I Want to Avoid Probate. How Do I Accomplish That?

Avoid probate

Probate can be a time-consuming process. It’s also a matter of public record. To protect your privacy and to streamline the process to ensure your loved ones have access to their inheritance as soon as possible, you can take measures to avoid probate.

When considering estate planning, working with the attorneys at Dworken & Bernstein can be a great help. Strategic planning to avoid probate while optimizing your financial goals, ensures your beneficiaries promptly receive their inheritance according your wishes.

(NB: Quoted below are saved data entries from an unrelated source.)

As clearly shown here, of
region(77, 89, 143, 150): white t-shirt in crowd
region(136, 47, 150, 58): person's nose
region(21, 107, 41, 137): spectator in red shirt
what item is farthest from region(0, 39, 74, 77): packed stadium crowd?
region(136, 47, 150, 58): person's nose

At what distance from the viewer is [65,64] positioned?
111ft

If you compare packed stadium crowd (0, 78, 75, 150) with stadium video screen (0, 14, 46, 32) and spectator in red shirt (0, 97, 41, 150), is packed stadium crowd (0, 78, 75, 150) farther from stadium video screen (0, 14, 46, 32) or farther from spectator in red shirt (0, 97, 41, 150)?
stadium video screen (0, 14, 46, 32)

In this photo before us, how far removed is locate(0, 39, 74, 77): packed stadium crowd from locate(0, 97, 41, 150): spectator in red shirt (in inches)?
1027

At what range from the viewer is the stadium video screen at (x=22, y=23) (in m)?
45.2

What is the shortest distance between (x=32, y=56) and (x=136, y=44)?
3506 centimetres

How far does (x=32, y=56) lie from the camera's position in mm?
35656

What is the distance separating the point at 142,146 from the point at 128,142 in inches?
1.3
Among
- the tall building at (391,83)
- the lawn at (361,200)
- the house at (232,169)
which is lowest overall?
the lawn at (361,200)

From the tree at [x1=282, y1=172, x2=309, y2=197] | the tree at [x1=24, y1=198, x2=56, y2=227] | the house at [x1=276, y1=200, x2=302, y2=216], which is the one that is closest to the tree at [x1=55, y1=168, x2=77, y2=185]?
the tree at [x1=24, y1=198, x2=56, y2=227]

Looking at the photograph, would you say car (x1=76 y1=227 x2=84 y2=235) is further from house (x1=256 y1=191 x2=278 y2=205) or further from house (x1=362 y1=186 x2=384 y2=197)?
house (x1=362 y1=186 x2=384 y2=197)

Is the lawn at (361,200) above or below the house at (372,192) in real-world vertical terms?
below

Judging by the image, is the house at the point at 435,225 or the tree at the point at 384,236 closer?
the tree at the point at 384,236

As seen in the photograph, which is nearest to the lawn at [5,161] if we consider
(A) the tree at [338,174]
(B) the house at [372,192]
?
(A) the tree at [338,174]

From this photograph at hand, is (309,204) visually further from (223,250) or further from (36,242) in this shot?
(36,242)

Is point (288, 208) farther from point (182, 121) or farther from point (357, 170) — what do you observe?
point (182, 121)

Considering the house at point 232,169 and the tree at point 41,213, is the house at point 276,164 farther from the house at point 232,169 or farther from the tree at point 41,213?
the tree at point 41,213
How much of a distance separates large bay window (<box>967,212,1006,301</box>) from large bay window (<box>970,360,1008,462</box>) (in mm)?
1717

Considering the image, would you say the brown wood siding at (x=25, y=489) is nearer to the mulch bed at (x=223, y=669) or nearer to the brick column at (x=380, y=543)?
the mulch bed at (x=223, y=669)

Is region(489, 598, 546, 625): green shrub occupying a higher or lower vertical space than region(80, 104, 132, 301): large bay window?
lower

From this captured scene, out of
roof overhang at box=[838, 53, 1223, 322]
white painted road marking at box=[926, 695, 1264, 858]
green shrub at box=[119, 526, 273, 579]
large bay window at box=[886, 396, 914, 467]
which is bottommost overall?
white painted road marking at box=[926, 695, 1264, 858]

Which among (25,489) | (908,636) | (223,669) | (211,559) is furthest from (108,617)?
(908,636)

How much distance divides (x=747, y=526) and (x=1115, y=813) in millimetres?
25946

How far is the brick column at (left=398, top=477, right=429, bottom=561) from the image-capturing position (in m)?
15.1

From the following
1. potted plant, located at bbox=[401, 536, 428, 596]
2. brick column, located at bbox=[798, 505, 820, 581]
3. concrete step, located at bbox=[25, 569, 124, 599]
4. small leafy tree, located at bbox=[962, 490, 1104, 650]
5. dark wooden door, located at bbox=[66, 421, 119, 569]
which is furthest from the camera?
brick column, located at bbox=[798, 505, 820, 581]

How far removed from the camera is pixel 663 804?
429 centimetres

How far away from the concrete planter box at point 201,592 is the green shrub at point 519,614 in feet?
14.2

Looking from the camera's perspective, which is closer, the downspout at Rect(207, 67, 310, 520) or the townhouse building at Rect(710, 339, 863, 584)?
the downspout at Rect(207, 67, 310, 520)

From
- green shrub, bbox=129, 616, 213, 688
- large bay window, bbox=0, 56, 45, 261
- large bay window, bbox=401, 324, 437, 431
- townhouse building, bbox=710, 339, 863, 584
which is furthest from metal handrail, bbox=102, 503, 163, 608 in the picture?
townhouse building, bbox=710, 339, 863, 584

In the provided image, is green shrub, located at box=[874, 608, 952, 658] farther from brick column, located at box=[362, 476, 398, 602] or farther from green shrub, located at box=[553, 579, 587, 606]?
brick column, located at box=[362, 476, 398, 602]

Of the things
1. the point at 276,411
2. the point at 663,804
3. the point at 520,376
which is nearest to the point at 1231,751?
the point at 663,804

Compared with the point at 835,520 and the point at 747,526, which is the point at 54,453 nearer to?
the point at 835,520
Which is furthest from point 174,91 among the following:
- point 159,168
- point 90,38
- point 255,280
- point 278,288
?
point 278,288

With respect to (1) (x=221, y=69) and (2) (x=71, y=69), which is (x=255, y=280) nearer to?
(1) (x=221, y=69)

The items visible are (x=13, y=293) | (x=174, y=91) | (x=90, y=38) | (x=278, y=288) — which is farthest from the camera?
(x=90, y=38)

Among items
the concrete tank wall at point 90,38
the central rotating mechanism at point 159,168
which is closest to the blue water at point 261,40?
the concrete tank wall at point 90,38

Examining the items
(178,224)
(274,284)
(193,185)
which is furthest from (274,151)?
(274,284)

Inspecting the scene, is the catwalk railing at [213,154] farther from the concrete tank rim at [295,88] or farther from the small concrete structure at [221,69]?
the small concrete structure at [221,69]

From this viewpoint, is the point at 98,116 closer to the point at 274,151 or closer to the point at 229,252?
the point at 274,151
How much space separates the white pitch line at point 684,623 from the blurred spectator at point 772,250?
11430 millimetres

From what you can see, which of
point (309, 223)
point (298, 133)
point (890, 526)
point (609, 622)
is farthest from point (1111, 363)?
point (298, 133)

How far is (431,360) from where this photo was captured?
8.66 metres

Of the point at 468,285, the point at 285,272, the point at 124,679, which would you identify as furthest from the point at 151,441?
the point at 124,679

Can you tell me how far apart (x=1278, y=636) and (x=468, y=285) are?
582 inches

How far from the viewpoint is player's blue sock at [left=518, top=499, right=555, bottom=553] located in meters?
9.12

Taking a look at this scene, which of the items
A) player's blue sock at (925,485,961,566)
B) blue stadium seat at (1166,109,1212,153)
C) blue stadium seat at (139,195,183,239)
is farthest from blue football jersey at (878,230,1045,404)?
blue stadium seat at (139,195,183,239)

Listed below are some of the tools commonly used to avoid probate:

  • Living trusts: Living trusts allow you to transfer possessions and accounts, such as real estate, bank accounts and vehicles, without going through the probate process. By transferring these assets to a trust and appointing yourself as trustee, you’ll still have access to your assets during your lifetime. When you die, your successor trustee will be able to transfer the assets to your designated beneficiaries, according to the terms of the trust. Since trusts are not a matter of public record, your finances—and theirs—will remain private.
  • Joint ownership: You may choose to own property jointly, with right of survivorship. This allows joint owners to take full (or a greater share of) possession of an asset, such as real estate, upon one owner’s death. When you own property jointly, all owners have an equal share. For example, if ownership is divided between two spouses and their adult child, they would each own one-third of the property. If one spouse dies, the surviving spouse and adult child will automatically own a 50 percent share—without going through probate. This should be done carefully to make sure that the intended beneficiaries take title when one of the co-owners passes away.
  • Transfer-on-death: Ohio allows transfer-on-death registration of securities, which transfers ownership to the named beneficiary upon your death. Similarly, you can register vehicles and real estate deeds to transfer upon your death. These can be revoked during your lifetime—your beneficiary has no property rights until you pass away.
  • Naming beneficiaries: You may add “payable on death” beneficiaries to your bank accounts, including savings accounts and CODs. Similar to transfer-on-death, the bank account automatically becomes the beneficiary’s property upon your death, but you’re entitled to change beneficiaries and spend all your money during your lifetime, if you see fit.